Moul has been working as an executive Vice President and Chief Operating Officer from tva since June 2021. In a press release in which his selection was announced, TVA concentrated partly on the management of Moul in the further development of nuclear energy technologies and his experience as a licensed senior reactor operator. He begins on April 9th ​​in the new role.
“TVA currently needs a steady hand,” said Moul in the press release. “I will build on the dynamics that Jeff and our team have created – to ensure that we continue to invest in the new generation, strengthen our network and improve system reliability.”
At the beginning of this month, US Sens. Marsha Blackburn and Bill Hagerty wrote a guest column on the grounds that the TVA board plunged a project with which a miniature modular reactor is to be built with studies and hurdles.
Blackburn and Hagerty also said that the hiring of a CEO would do without the chance to recruit a “leading leader of quality” from outside the supply company, which supplies 10 million people in southern southern states.
In some cases, the lawyers for nuclear energy called for their expansion to satisfy the demand from the companies to operate their technologies for artificial intelligence, and this without carbon emissions that accelerate climate change.
Stephen Smith, Executive Director of the Southern Alliance for Clean Energy, described by Blackburn and Hagerty as “ruthless interference”. He said they understand the “risk of falling nuclear technology before it is ready for the main time both economically and safely.
Proponents of spotless energy have also criticized the decision of TVA to replace some of its aging coal -fired power plants with another fossil fuel, natural gas.
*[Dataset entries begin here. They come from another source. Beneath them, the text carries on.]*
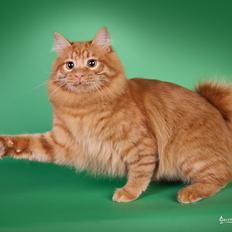 Kurilean Bobtail GIP. DK KorZhik's G. Mac Arthur
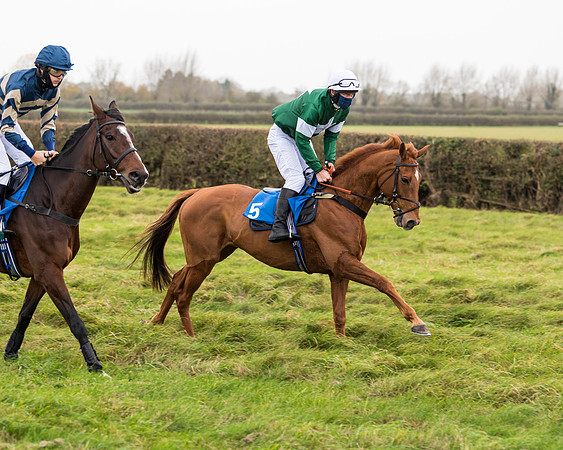 Race 6 - PPORA Novice Riders (9 of 290)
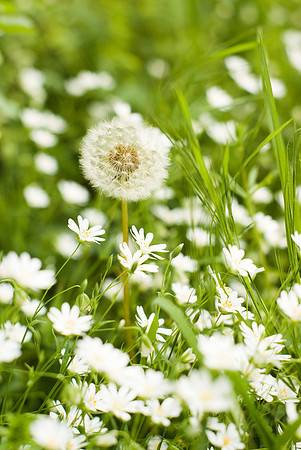Pissenlit courtisé par les fleurs blanches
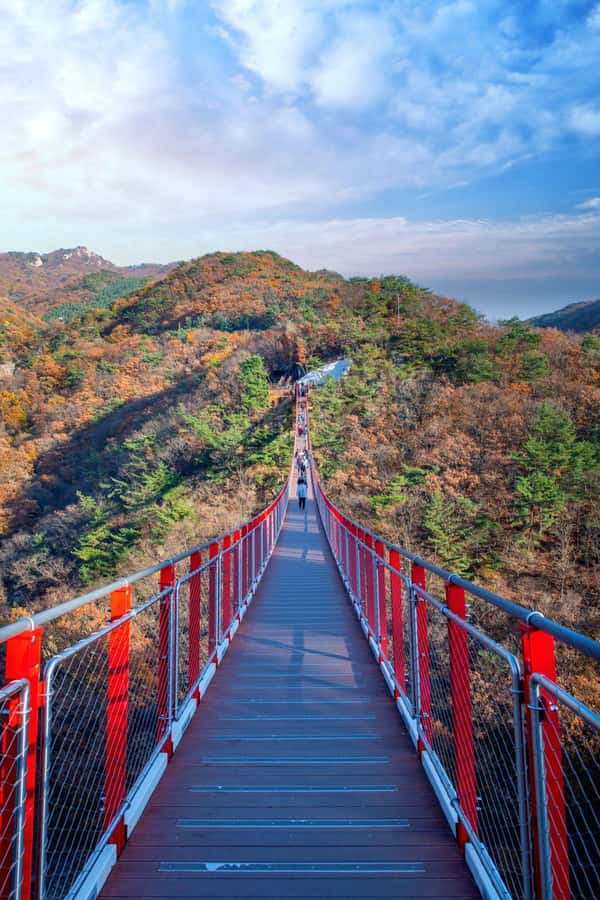 Seoul: DMZ Tour & Suspension Bridge (Option English/Spanish) - Gondola ride at Peace Park: easy add-on, but watch your time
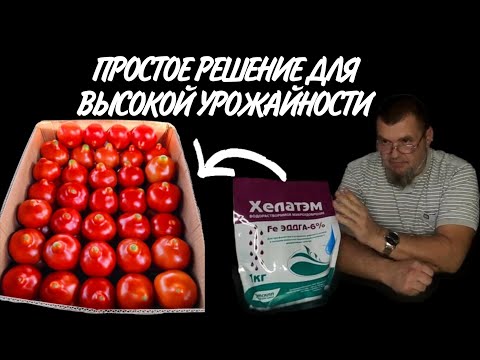 Видео: Как повысить урожайность с помощью хелата железа: эффективная формула с EDDGA 6%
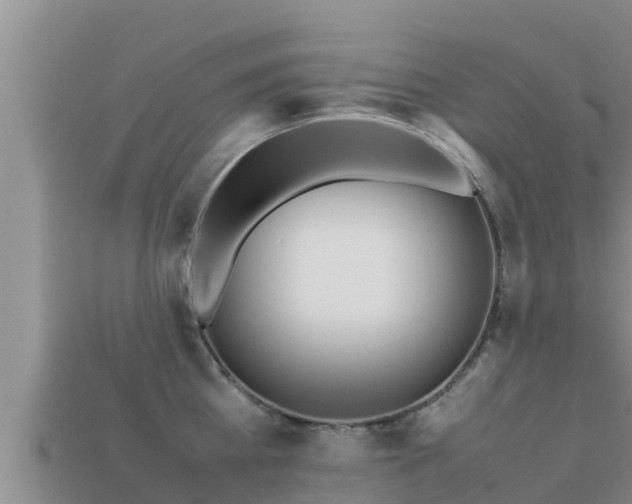 X0000113210809200909171533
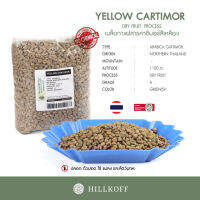 HILLKOFF : เมล็ดกาแฟสาร พร้อมคั่ว Green Beans Dry 22/23 : Arabica Yellow Cartimor (Grade A) 1 Kg. คัดมือพิเศษ เมล็ดกาแฟดิบ สารกาแฟ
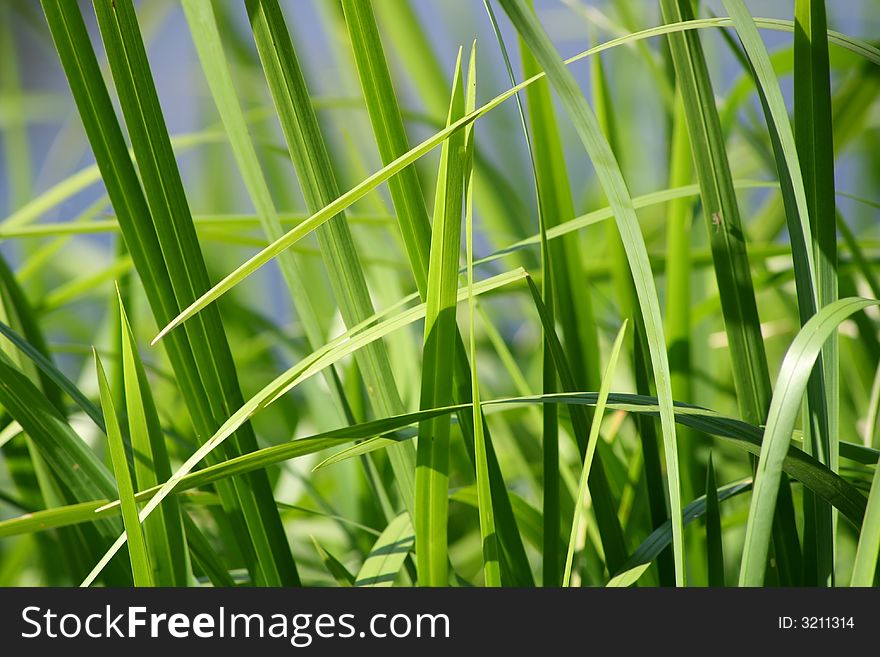 Reed on the water outdoor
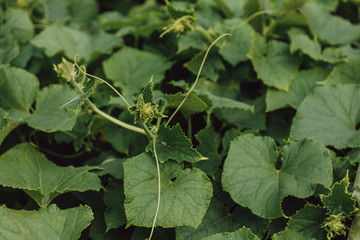 Young green  sprout on a summer day in a garden. Close up.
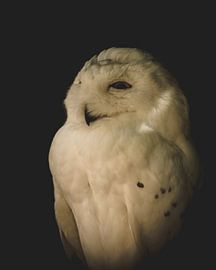 Snowy owl by Tim Goossens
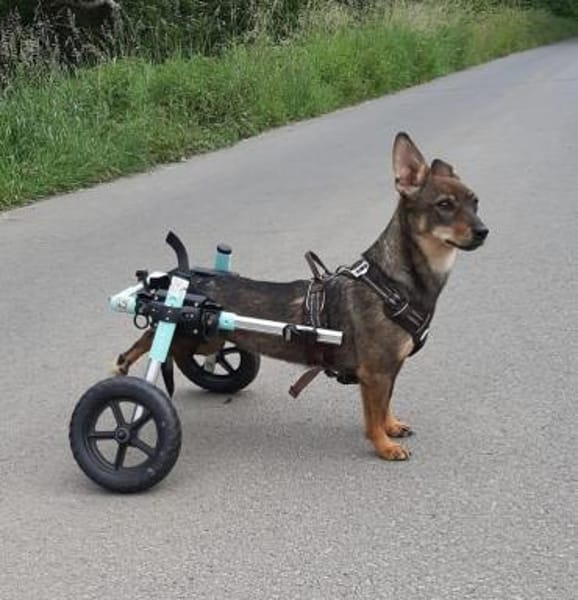 besondere Kara mit viel Herz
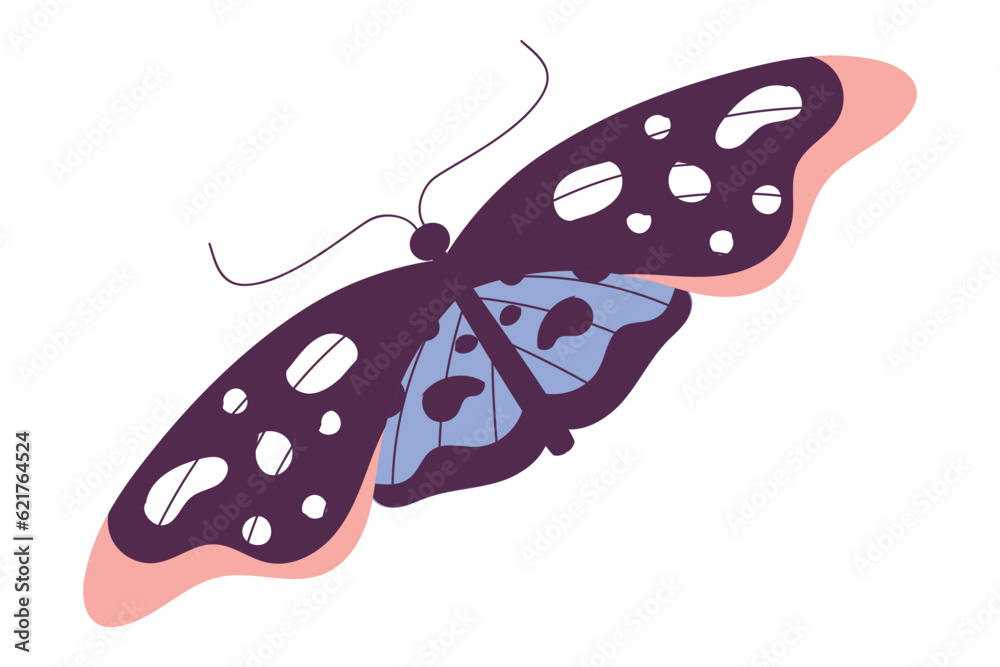 Butterfly Fluttering with Open Wings Closeup Vector Illustration Butterfly Fluttering with Open Wings Closeup Vector Illustration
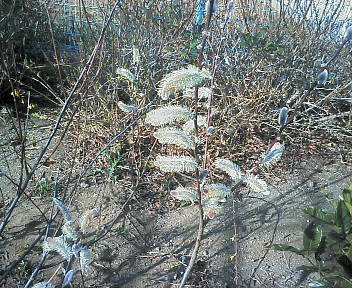 07031204.jpg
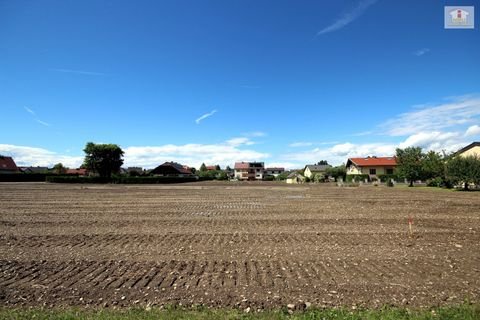 Ebenthal in Kärnten Grundstücke, Ebenthal in Kärnten Grundstück kaufen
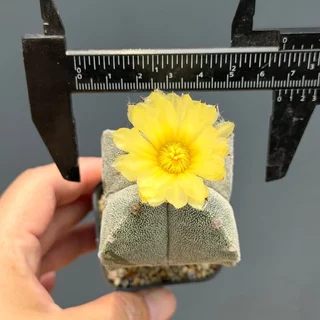แอสโตรไฟตัม Astrophytum แคคตัส กระบองเพชร cactus&succulent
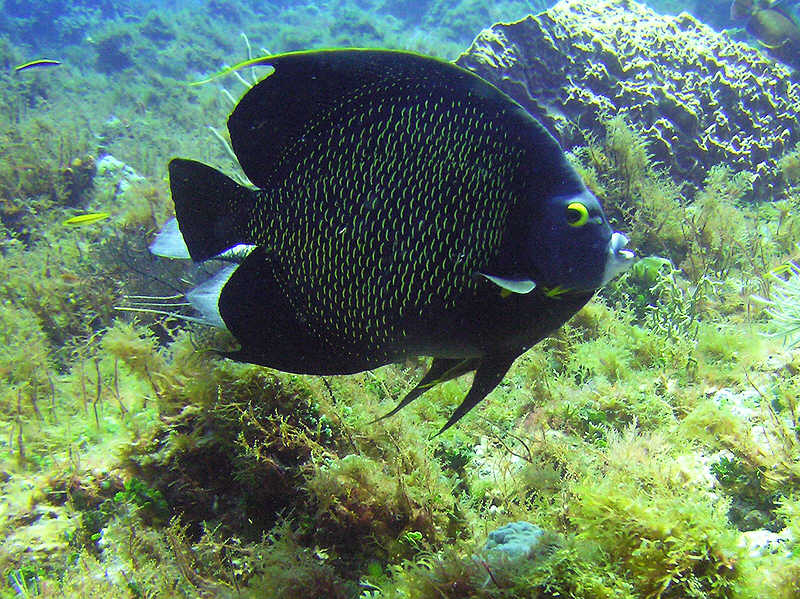 French Angelfish, Pomacamthus paru at Casablanca.  (131k)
Trump brought TVA and the outgoing CEO Lyash to the warm seat in his first term.
In 2020, Trump released the former CEO of TVA and another board member and drove TVA to reverse the hiring of foreign workers for information technology jobs.
He also called for Lyash’s replacement and the payment of the position to 500,000 US dollars.
In response to this, TVA found that the CEO wage ranks in the lower quartile of the electricity industry. Lyash’s total remuneration exceeded 10.5 million US dollars in the 2024 financial year, including various pension and performance incentives worth millions of dollars. In addition, the supply company emphasized that it does not receive a federal taxpayer and is instead financed by electricity customers.
A TVA spokesman said that Lyash’s retirement was not related to administration or current politics and that Lyash spoke to the board members about retirement last autumn.